_Work to be completed_. In the records below, pick out all lines containing the word "change".

*** Opening Exercise data ***

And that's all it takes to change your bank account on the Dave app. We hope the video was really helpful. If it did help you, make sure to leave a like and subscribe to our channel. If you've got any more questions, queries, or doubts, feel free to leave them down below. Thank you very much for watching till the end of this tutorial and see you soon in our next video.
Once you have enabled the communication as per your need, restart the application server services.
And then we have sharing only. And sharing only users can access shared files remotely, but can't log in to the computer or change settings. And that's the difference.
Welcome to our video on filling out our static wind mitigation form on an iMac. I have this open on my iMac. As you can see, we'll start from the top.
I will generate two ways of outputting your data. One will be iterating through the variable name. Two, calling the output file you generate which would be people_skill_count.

*** Closing Exercise data ***
*** Opening Exercise data ***

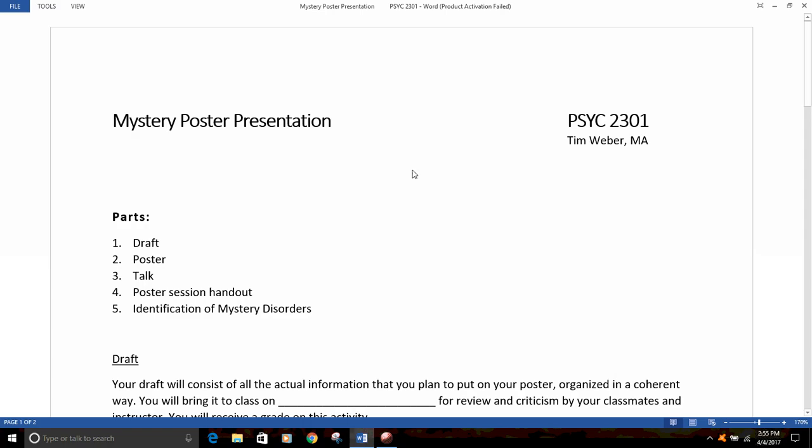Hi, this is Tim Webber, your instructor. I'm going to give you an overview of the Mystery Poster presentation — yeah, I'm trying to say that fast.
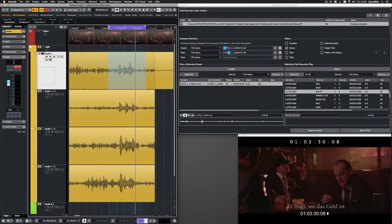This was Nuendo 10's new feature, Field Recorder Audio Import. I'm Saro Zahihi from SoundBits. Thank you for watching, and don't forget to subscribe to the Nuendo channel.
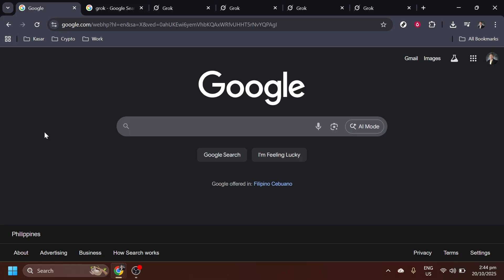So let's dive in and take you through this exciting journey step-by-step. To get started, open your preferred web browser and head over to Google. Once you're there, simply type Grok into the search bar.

*** Closing Exercise data ***

_Worked solution_.
And that's all it takes to change your bank account on the Dave app. We hope the video was really helpful. If it did help you, make sure to leave a like and subscribe to our channel. If you've got any more questions, queries, or doubts, feel free to leave them down below. Thank you very much for watching till the end of this tutorial and see you soon in our next video.
And then we have sharing only. And sharing only users can access shared files remotely, but can't log in to the computer or change settings. And that's the difference.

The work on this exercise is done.